What Makes A Station Sustainable?
In this series, I review several central stations in North America to start defining a sustainability for transit that goes beyond helping the environment – one that also aids economic growth and helps achieve fiscal balance. In addition to a narrative, the analysis of each station details a scorecard that I adapted from an article titled “History and Prospects of the Rail Station” by Chris Hale from the February 2013 “Journal of Urbanism.” My adaptation is structured on Professor Hale’s three integrating principles; although the most heavily weighted principle also borrows from the concluding lessons of the seminal book The Transit Metropolis.
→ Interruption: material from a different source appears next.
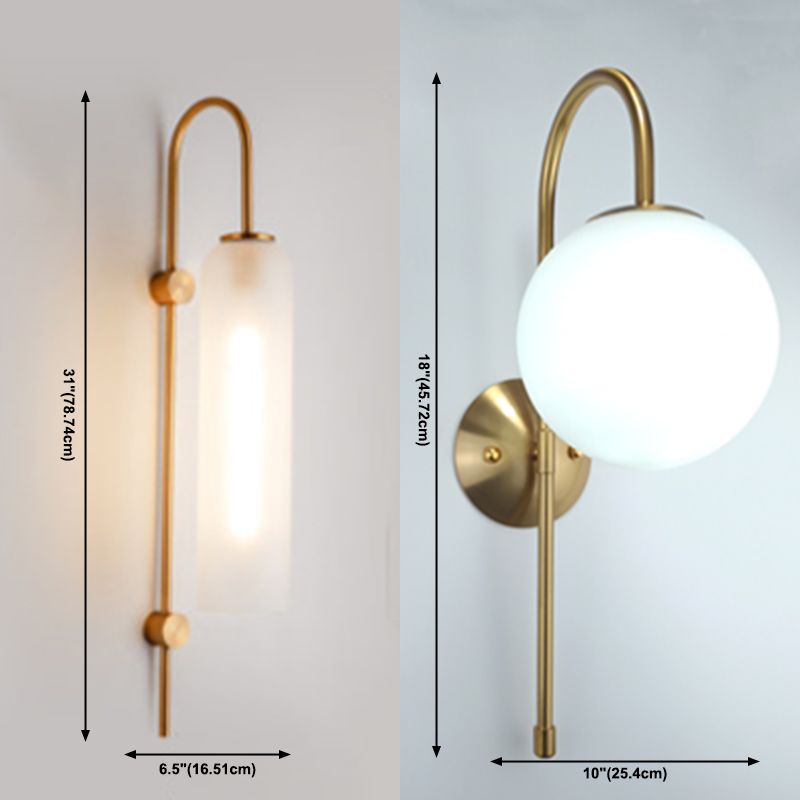 Lámpara de luz de dorado Lámpara de pared moderna de 1 luces con sombra de hierba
For “Functionality & Flow”, 18 of 100 points can be awarded for two internal station criterion: platform protection, safety and passenger flow; and secondly, concourse flow to shops and exits, or waiting areas … and, generally, trying to make the station somewhat pleasant amidst the rush hour crush of humanity.
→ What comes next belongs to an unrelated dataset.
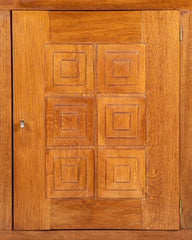 French Cerused Oak Three Door Sideboard with Geometric Motifs, Art Deco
For “Effective Connection”, 32 points can be awarded. This includes good design such as how welcoming entrances are. But over half these points are given for efficient transfers with buses, light rail, metro, taxis and cars. Bike facilities are nice. (To disclose my biases, surface lots are not nice and get zero points.)
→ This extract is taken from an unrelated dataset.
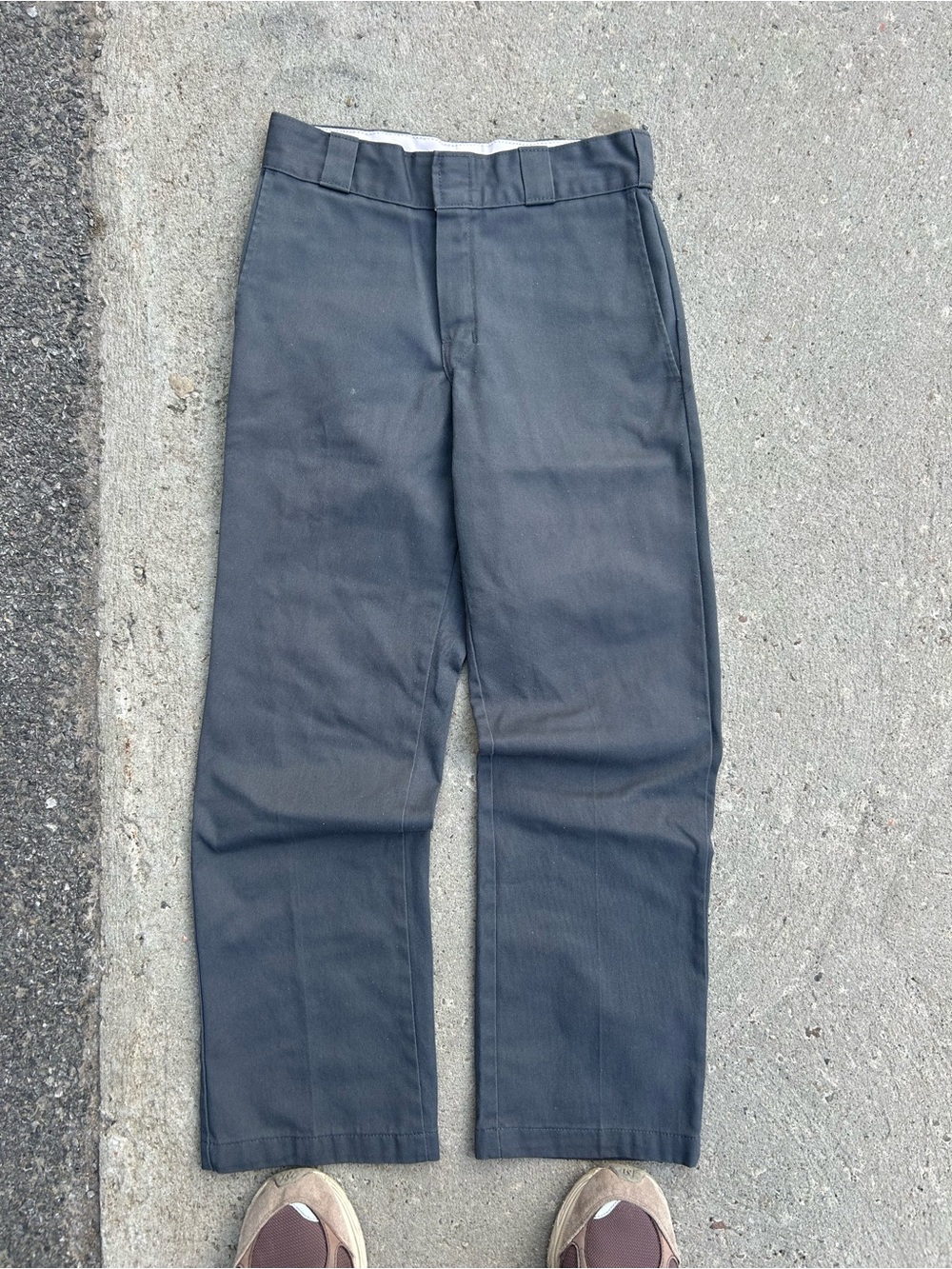 Dickies 864 Grey Workwear Pants with Logo Patch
For “Station Synergies”, 50 points can be awarded for a variety of criteria including vision, leadership, proximity and integration to pedestrian sheds of the CBD, transit agency competence, station business strategy, integrating transit cards, reasonable transfer fees, and trying to level the rules by correcting the underpricing of automobile travel.
If you’d like to see the detailed scorecard, here is one as completed for Philadelphia.
To organize the individuality of America’s diverse train stations and learn the similarities in their evolution toward sustainability, I propose four main categories. After the below introductory paragraphs, each category will have an example analyzed in a subsequent article that will be accompanied by its detailed scorecard.
A. The Likely Sustainables. While most cities plan to reutilize their central station, these places are actually doing it well. These stations serve compact cities and these economic advantages will help their transit system achieve fiscal sustainability in, let’s be realistic, the next two decades. Example: Philadelphia’s Center City stations.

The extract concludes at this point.